Bagaimana Kontraktor Lokal Bojonegoro Menangkap Peluang dari Lapangan Banyu Urip

Keterangan foto : Bagian Pengadaan EMCL sedang memberikan pelatihan peningkatan kapasitas kontraktor lokal

Bacaan Lainnya

Setidaknya 155 kontraktor lokal dari Kabupaten Bojonegoro, Tuban, dan Blora telah menyerap lebih dari Rp1,6 triliun nilai kontrak barang dan jasa dari kegiatan operasi Lapangan Minyak Banyu Urip dan Kedung Keris. Beberapa di antara mereka ada yang sudah menjadi mitra usaha lapangan migas lain di Jawa Timur, Kalimantan dan Papua.

Industri hulu minyak dan gas bumi termasuk, di Lapangan Banyu Urip dan Kedung Keris merupakan industri padat modal dan padat teknologi. Industri ini tidak padat karya sehingga tidak melibatkan banyak tenaga kerja. Sedangkan pada satu sisi, pemerintah menginginkan adanya dampak berganda yang langsung untuk masyarakat sekitar.

Agar masyarakat bisa menangkap peluang dan merasakan manfaat dari industri ini, operator Blok Cepu, ExxonMobil Cepu Limited (EMCL) melakukan pendampingan kepada masyarakat lokal. Mulai dari program berbasis potensi lokal, pelatihan dan sertifikasi tenaga kerja, hingga pendampingan kepada para kontraktor lokal.

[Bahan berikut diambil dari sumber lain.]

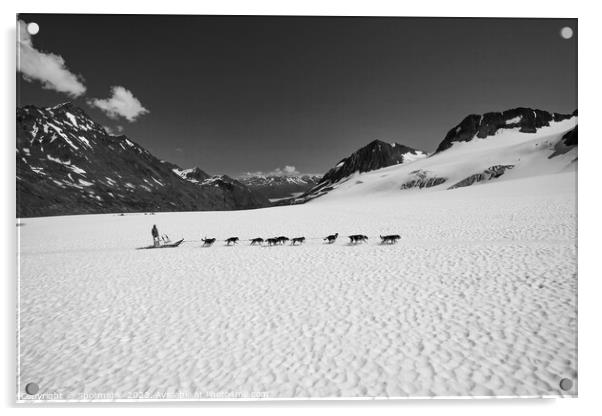 Aerial view husky dog team mountain plateau America Acrylic by Spotmatik 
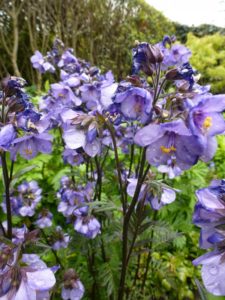 Polemonium yezoense Bressingham Purple Polemonium yezoense Bressingham Purple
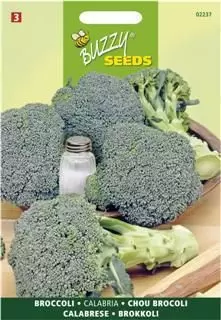 Broccoli groen calabrese 2g - afbeelding 1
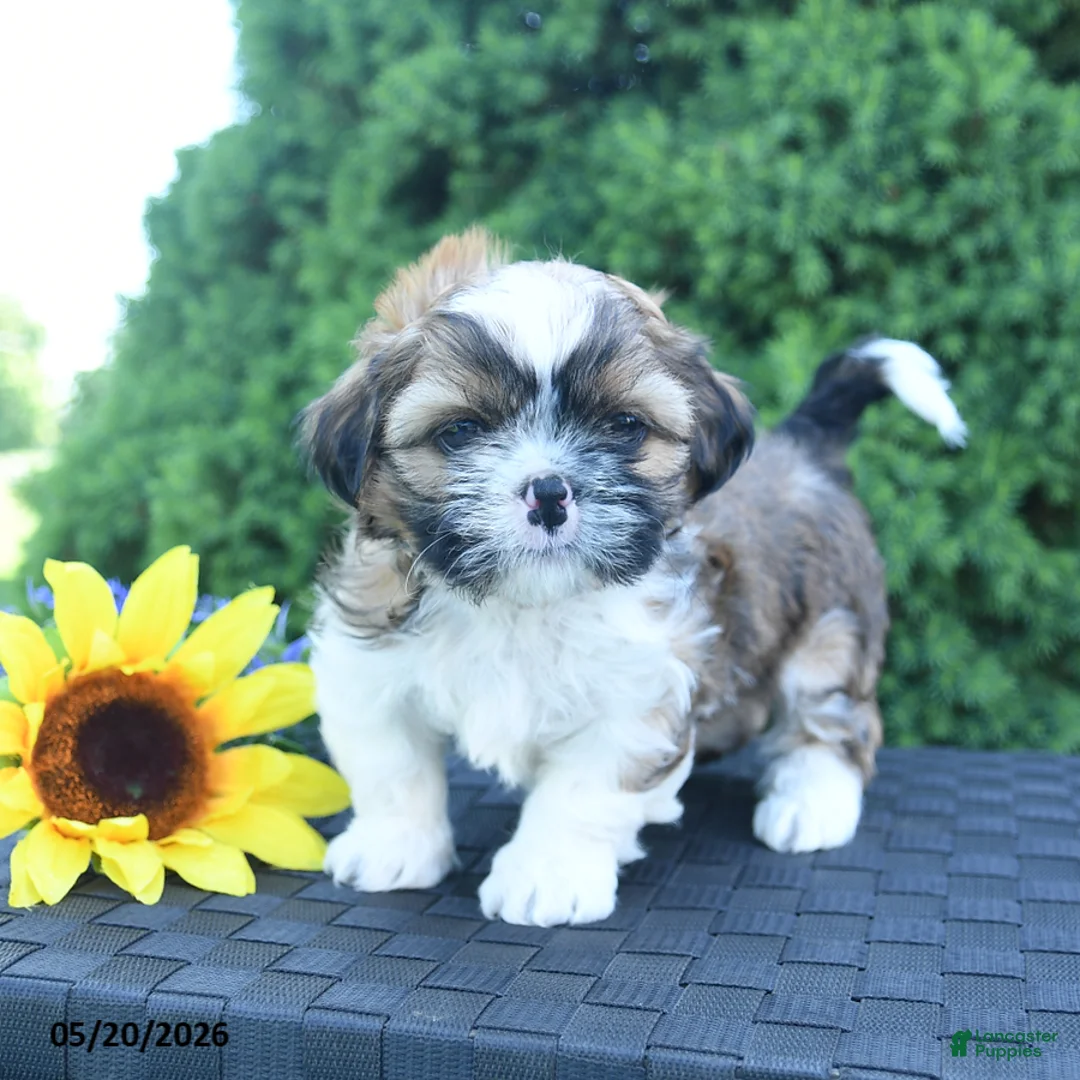 Shih Tzu dogs for sale: Espresso - Ad 3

Untuk Program Pengembangan Masyarakat, EMCL menggandeng Non-Governmental Organization (NGO) lokal dari Bojonegoro, Tuban, dan Blora. Para NGO ini mendampingi dan memastikan perubahan positif di masyarakat sekitar operasi EMCL, baik bidang ekonomi, pendidikan, maupun kesehatan.

Keterangan foto : Para kontraktor lokal sedang berdiskusi dengan pemateri dalam Pelatihan Peningkatan Kapasitas Vendor Lokal

 

Di sisi lain, untuk mengoptimalkan peran kontraktor lokal, EMCL mengajarkan dan mendampingi mereka dalam tata cara lelang, pembuatan tagihan, penghitungan Tingkat Kandungan Dalam Negeri (TKDN), hingga bagaimana cara mendaftarkan badan usaha dalam sistem vendor terintegrasi yang tersentralisasi di SKK Migas. Sejak 2015, EMCL telah memfasilitasi mereka untuk mengikuti 25 kali peningkatan kapasitas usaha tersebut.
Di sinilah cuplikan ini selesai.